The art historian Nóra Veszprémi writes:
Maybe painting the effects of light wasn’t the central concern of Ferenczy’s art after all. Maybe he was preoccupied with something else – with the human body, with sensuality and desire, and with the representation of unattainable ideal beauty.
Ferenczy’s paintings are very meaningful. His pieces make us feel and think at the same time.
Between the Ground and the Sky
A girl hears a bird singing and looks up. It’s very important for her to find the little singer among the branches: pay attention to how she throws her head back.
Why do these sounds fascinate the young woman so much? She is pregnant. The baby she’s carrying is probably her first child.
Having faced the mystery of life, the girl is reexamining the world in which she lives. I think she tries to understand whether it’s good enough for an innocent kid.
The birdsong is beautiful. Let the bird will turn out to be beautiful, too! Let the whole universe be beautiful…
The color of her dress expresses her state of mind. Red is associated with blood and fire, love and passion, courage and sacrifice.
In this painting, red appears extremely bright against the soft, cold background.
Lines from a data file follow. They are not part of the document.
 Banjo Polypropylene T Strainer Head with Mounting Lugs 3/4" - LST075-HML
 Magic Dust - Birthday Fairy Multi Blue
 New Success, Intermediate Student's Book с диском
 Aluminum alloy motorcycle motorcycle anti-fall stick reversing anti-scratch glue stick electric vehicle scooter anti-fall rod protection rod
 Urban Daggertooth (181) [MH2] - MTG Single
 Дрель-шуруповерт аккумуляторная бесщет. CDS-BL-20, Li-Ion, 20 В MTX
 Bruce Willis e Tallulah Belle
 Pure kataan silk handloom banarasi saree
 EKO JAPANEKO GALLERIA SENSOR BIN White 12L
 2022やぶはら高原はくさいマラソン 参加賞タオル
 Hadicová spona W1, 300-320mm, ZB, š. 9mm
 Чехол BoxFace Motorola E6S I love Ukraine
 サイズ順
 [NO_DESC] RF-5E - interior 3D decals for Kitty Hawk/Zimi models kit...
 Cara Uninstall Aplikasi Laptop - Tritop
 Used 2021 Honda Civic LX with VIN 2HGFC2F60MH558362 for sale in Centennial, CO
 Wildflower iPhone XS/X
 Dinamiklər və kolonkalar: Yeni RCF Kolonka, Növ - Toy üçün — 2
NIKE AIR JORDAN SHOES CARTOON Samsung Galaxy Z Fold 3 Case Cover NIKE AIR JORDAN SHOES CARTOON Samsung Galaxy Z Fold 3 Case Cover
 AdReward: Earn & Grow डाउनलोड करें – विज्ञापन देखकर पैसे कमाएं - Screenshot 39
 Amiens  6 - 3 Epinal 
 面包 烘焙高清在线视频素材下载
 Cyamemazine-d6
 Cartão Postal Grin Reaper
The white birch trees represent renewal. Being a person from Russia, I also can’t help comparing them to the girl herself; there are numerous folkloric Russian songs in which they symbolize a shy maiden.
The composition is unusual. We see neither the sky nor the ground, only the thin birch trunks connecting one world with another.
In order to appreciate Birdsong and realize why it works, take a glance at a pencil study of this painting.
Both the ground and the heavens were originally visible. The young woman was sitting in a very graceful, but unnatural pose.
Our girl, the one who is painted on the canvas, moves spontaneously and doesn’t attempt to impress anybody. We believe her feelings are real.
When visitors stand in front of Birdsong by Ferenczy in the gallery, they are throwing their heads back just like the mother-to-be in the painting: Where is this bird? It’s beautiful, right?